===== RECORDED INFORMATION
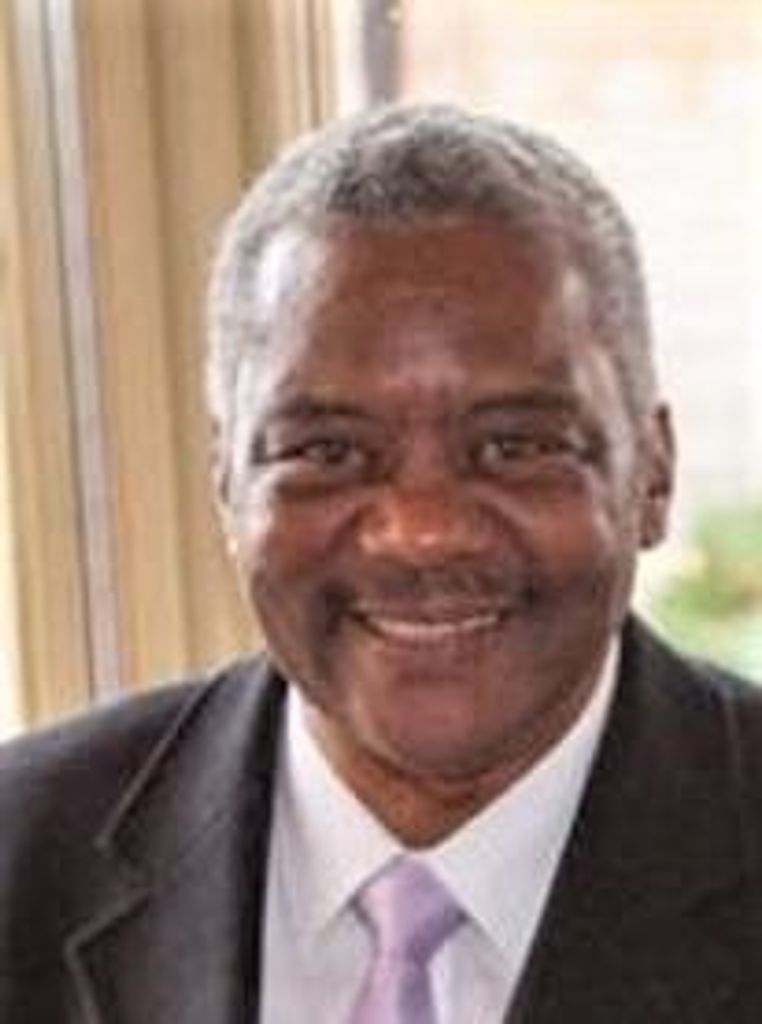 Lindsay Adam Bond, Jr.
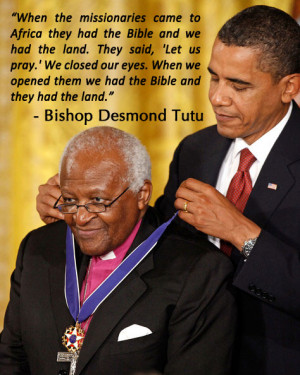for quotes by Desmond Tutu. You can to use those 8 images of quotes ...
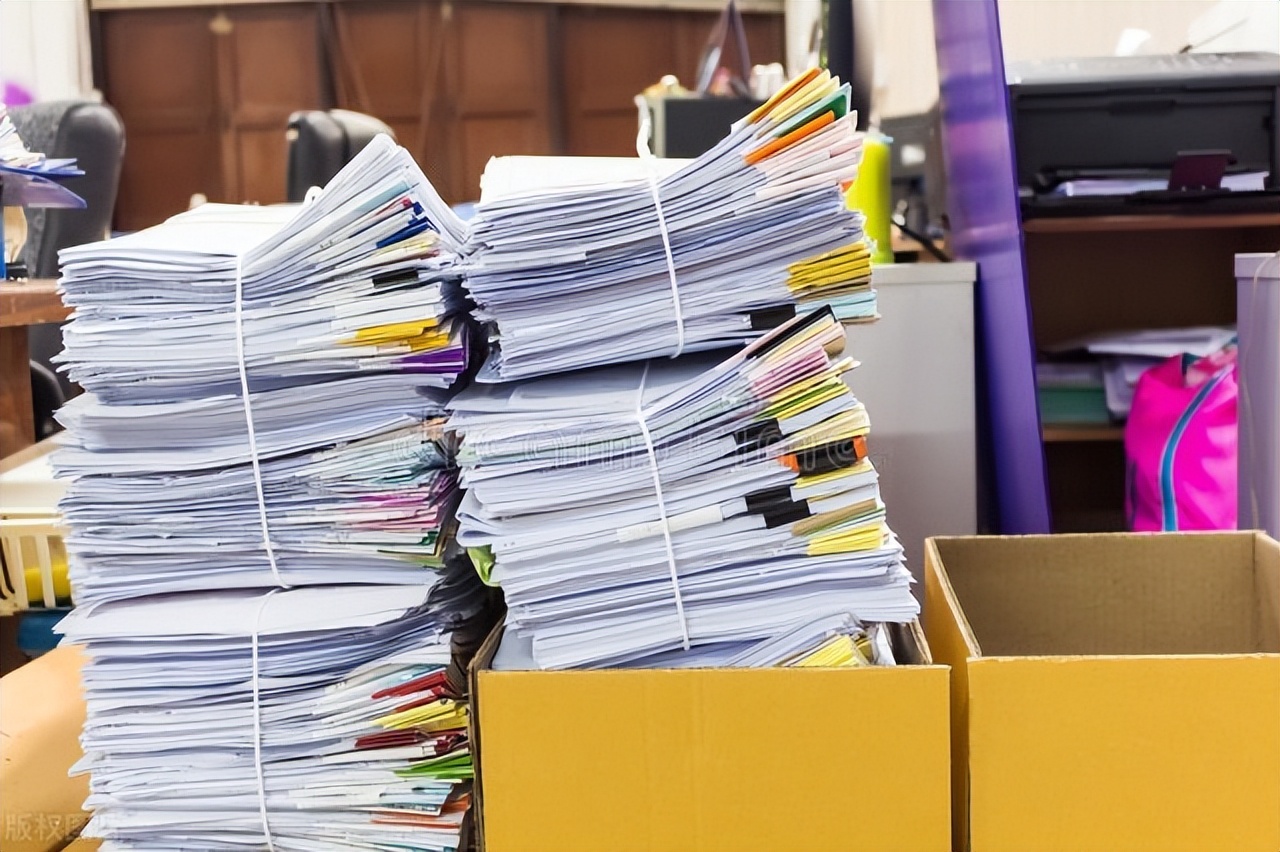 色母粒企业仓库管理案例,企业仓库如何规划及管理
==========
:: REQUIRED ACTION ::
Beginning with the line that contains "for quotes by", output each line of the material above through the last one exactly as it stands. Do not include the pictures.

:: FINAL ANSWER ::
for quotes by Desmond Tutu. You can to use those 8 images of quotes ...
 色母粒企业仓库管理案例,企业仓库如何规划及管理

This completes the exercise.